Exercise aim ▸ Every line below needs to be printed again exactly, without any of its pictures.

Dataset section ▸
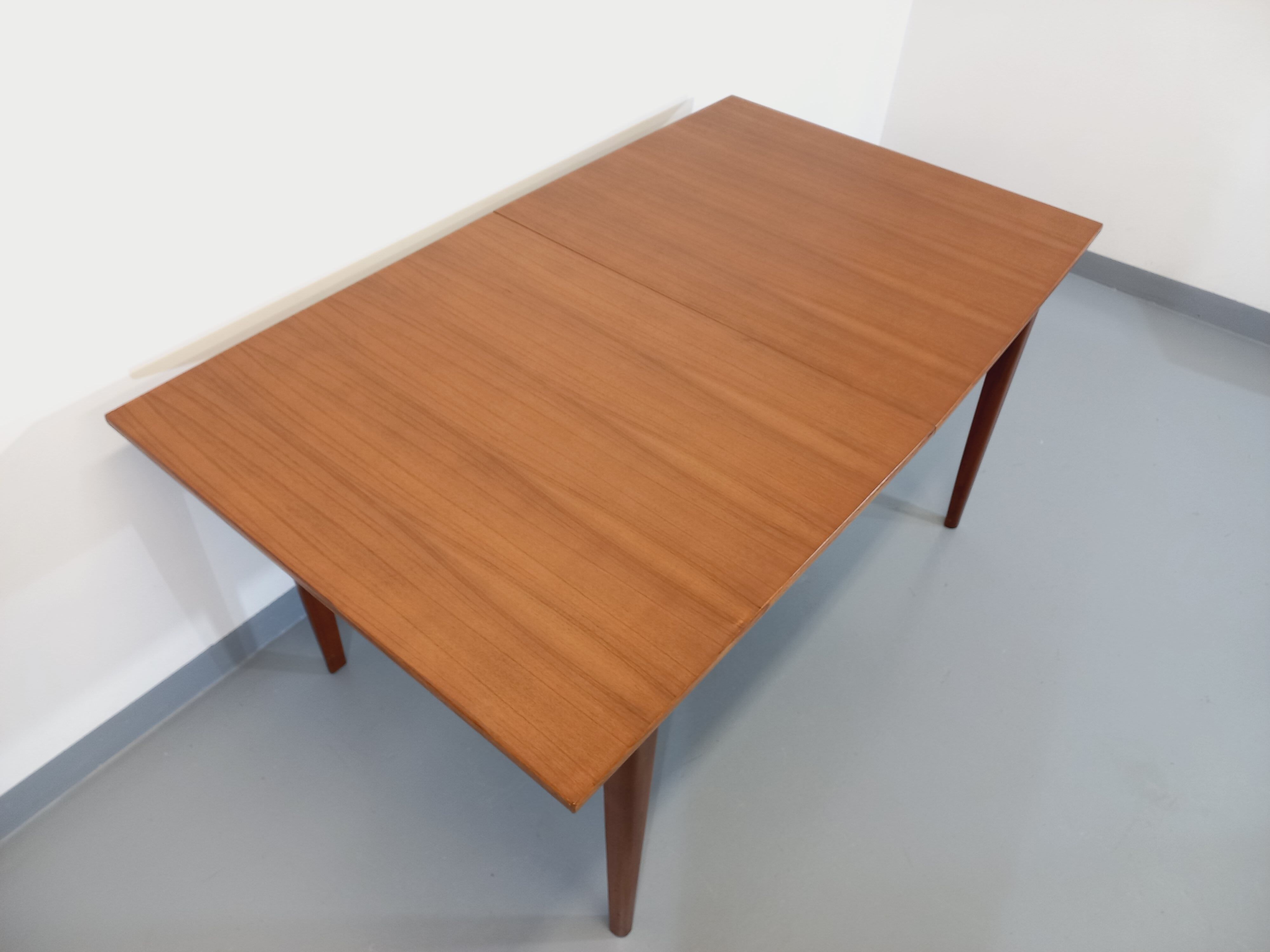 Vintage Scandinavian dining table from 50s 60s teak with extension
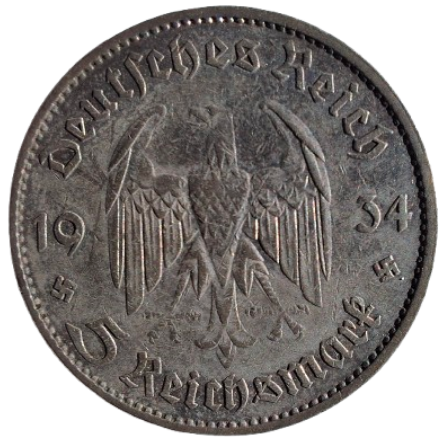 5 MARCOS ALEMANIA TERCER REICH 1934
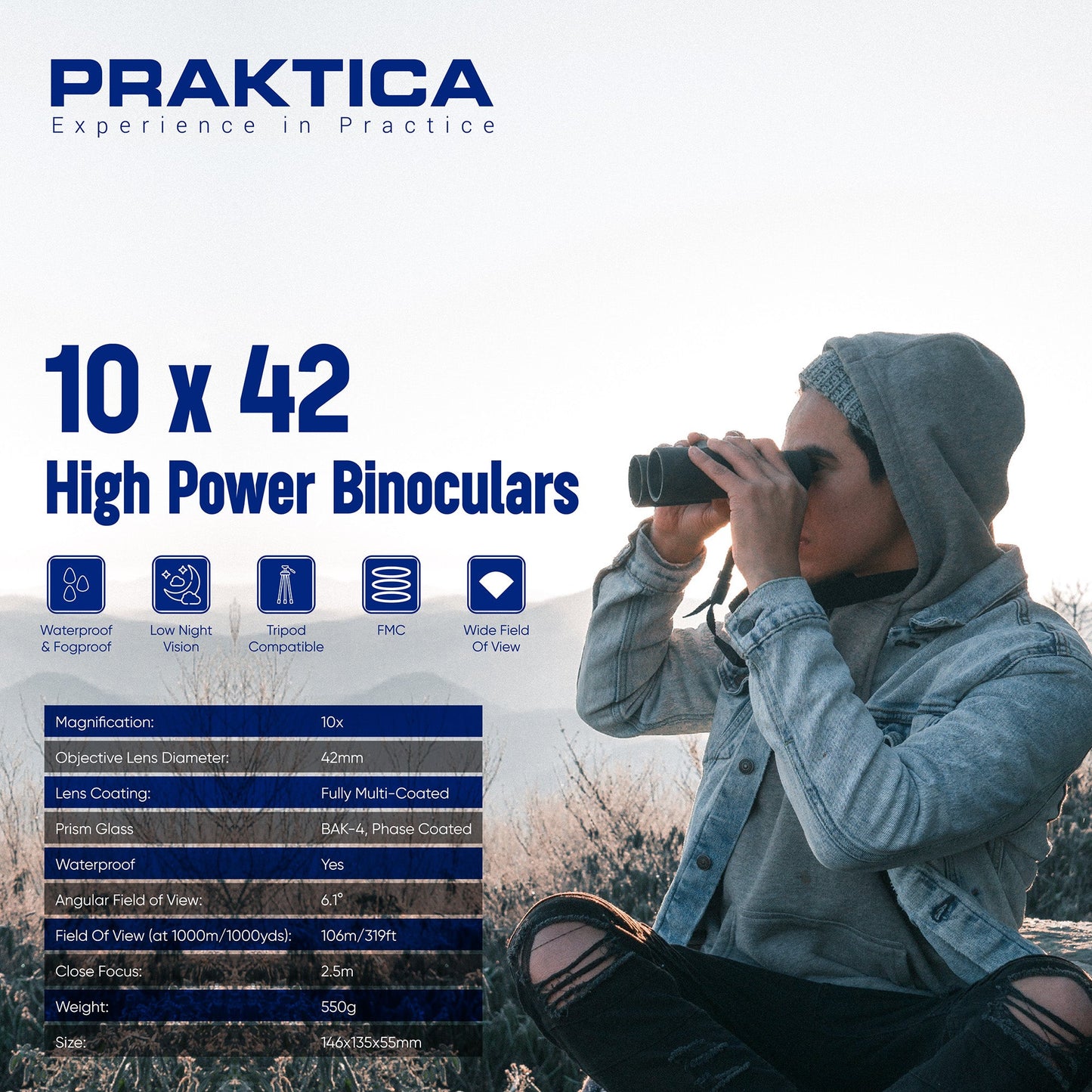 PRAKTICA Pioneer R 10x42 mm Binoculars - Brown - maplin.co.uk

Written solution ▸
 Vintage Scandinavian dining table from 50s 60s teak with extension
 5 MARCOS ALEMANIA TERCER REICH 1934
 PRAKTICA Pioneer R 10x42 mm Binoculars - Brown - maplin.co.uk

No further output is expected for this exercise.